How the Global Refugee Crisis Has Transformed Europe

NOVANEWS
In recent years, even Scandinavian countries like Sweden—which have historically taken pride in providing a safe haven to the world’s huddled masses—are taking a step back to reassess policies on addressing the refugee crisis. Unlike new arrivals who were often previously awarded permanent residency, the vast majority of asylum-seekers who have arrived since November 2015 are only eligible for a temporary permit to stay in Sweden. With its tougher laws, Sweden now finds itself at the bottom of the European Union when it comes to welcoming refugees.
A banner in a town square in the French Alps reads “Welcome Refugees,” Chamonix, France, Oct. 22, 2016 (AP photo by Bertrand Combaldieu).
Part of the story behind this sea change is pure logistics.

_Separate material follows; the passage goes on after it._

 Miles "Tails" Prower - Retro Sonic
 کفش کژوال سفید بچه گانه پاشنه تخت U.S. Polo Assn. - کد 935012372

Like Canada, Sweden has long had a friendly immigration attitude because of its place on the map. Even with generous permits and benefits, limited numbers of refugees and asylum-seekers would make their way up to this cold, northern country, far away from the traditional hotspots of migration. That was true until the exodus of refugees from Syria’s civil war. Those who made their way to Europe often headed directly for Sweden, attracted by the generous permit policy and the presence of friends and relatives who had come before them. At its peak, so many refugees arrived in the southern city of Malmo that some were left to sleep outside. Even in generous Sweden, pragmatism quickly overtook idealism.

 

Integration is the Biggest Challenge for Europe When it Comes to the Refugee Crisis
In the aftermath of the surge in arrivals at the height of the crisis in 2015, the question on the minds of many in Europe these days is how to cope with the impact of asylum-seekers and migrants on their societies. The European Union’s response to the refugee crisis has been chaotic and divisive, characterized by squabbling over sharing responsibility, cascading border closures and finger-pointing. Many EU governments are focused on preventing arrivals and deflecting responsibility to neighboring countries. The possibility that some of those responsible for the horrific attacks in Paris in November 2015 entered the EU posing as refugees amid the influx into Greece and the Western Balkans has interjected fear of terrorism into the mix. Those who seek to keep refugees out with appeals to prejudice and panic are exploiting that anxiety. But with so many asylum-seekers and migrants already in Europe, the next big challenge will be integrating them into society.
How Germany is Handling the Refugee Crisis
While Europe as a whole struggles with integration, the first Islamist-inspired attacks by asylum-seekers on German soil in July 2016 trained an international spotlight on that country’s efforts to integrate more than a million new arrivals. In many sectors, the herculean task of integrating so many, so fast, is only just hitting home. Germany’s so-called integration law requires asylum-seekers to assimilate or face consequences. One of its more controversial measures forces newcomers to learn German and attend mandatory integration courses, or risk having their benefit payments cut. Meanwhile, the lengthy procedure for processing asylum-seekers’ claims leaves even those who are eager to integrate feeling isolated.
Ongoing EU Policy Gaps ExposedIn addition to the challenge of integration, the refugee crisis is also creating tensions between European countries, and within them. Since the reintroduction of border checks at the height of the crisis in 2015, border patrol within Europe’s free travel zone is increasingly a matter of national security rather than of EU coordination. As Lina Vosyliute, a researcher at the Center for European Policy Studies, a Brussels-based think tank, explains, law-enforcement agents are under political pressure to deliver on border security. This can often lead to extreme policing that violates migrants’ rights. This kind of policing can also result in what refugee and migrant advocates call the “criminalization of solidarity.” That was the case with Benoit Ducos, the French mountain guide who now faces a five-year prison sentence for aiding a pregnant migrant along the French-Italian border.
The European Union’s Approach is Doomed to Fail
Although the political repercussions of the refugee crisis continue to roil European politics, the number of asylum-seekers and migrants has decreased dramatically since 2015. This is in part due to the European Agenda on Migration, an important framework for developing a comprehensive and multidimensional response to a complex and pressing challenge. However, the agenda addresses migration through a framework of deterrence, which is designed to prevent people from arriving in the EU in the first place, rather than to address the drivers of migration directly. This deterrent approach is by no means new, and it has already failed—not least in the emergence and escalation of the crisis that led to the agenda in the first place. While it has reduced the flow of migrants that reach Europe, it ignores the factors that cause them to leave their home countries.